I understand the solution for $\epsilon =-1$. And I am trying the solve this question for $\epsilon =+1$. This is important for me. I want really to learn perfectly because I am continuously seein' such questions.
Please check my answer for $\epsilon =+1$
The question is that
Find the integral $$I(n,\epsilon)=\int_{-i \infty}^{+i \infty} \frac{e^{\epsilon z}}{(z+\epsilon)^n}$$
The integration is taken along the imaginary axis,
an integer $n\gt 0$ and $\epsilon \in \{-1,+1\}$
solution:
I need to consider the countour integral $$\oint_C \frac{e^{z}}{(z+1)^n}dz$$
The integral is counterclockwise (i.e closing the left)

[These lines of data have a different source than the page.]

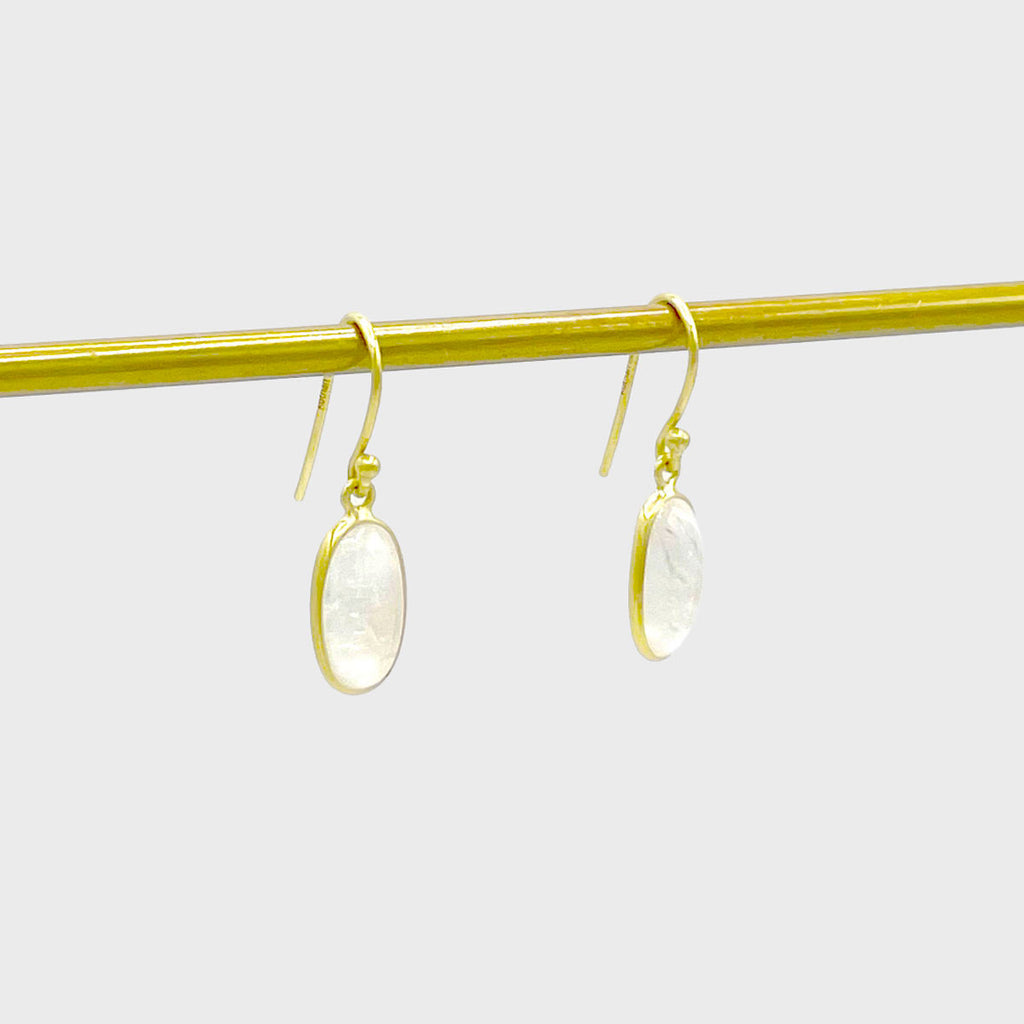 Vertical Oval Earring | Rainbow Moonstone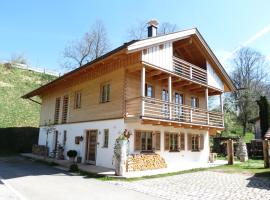 MountainLodge Dorfhaus، شاليه في لينغريس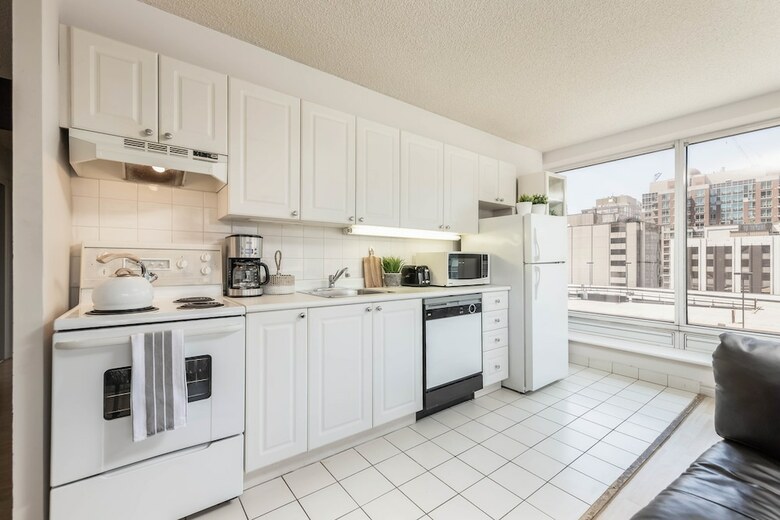 Bright & Spacious Corner Suite (Yonge & Bloor)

Let's solist this integral into 2 pieces;
$$\int_{iR}^{iR} \frac{e^z}{(z+1)^n}dz +iR \int_{\pi /2}^{3\pi /2} e^{i\theta}\frac{e^{Rcos\theta} e^{iRsin\theta}}{(Re^{i\theta}+1)^n}d\theta$$
Next I need to show that the magintude of the second integral vanishes as $R\to \infty$ for $n\gt 0$
The magintude is bounded
$$R\int_{\pi/2}^{3\pi /2}\frac{e^{Rcos\theta}}{R^n}d\theta= \frac{1}{R^{n-1}}\int_{0}^{\pi}e^{-Rsin\theta}d\theta\le 2\frac{1}{R^{n-1}}\int_{0}^{\pi/2}e^{-R\theta/\pi}d\theta\le \pi/R^n$$
By the residue theorem, the contour integral equals to $2i\pi$ times the residue at the pole $z=-1$
$$\frac{1}{(n-1)!}[\frac{d^{n-1}}{dz^{n-1}}e^z]_{z=-1}=\frac{1^{n-1}}{(n-1)!}e^{-1}$$
So I $$\int_{-i\infty}^{+i\infty}\frac{e^z}{(z-1)^n}dz=2\pi i\frac{1}{(n-1)^!}e^{-1}$$
Please show my mistakes. Thank you:)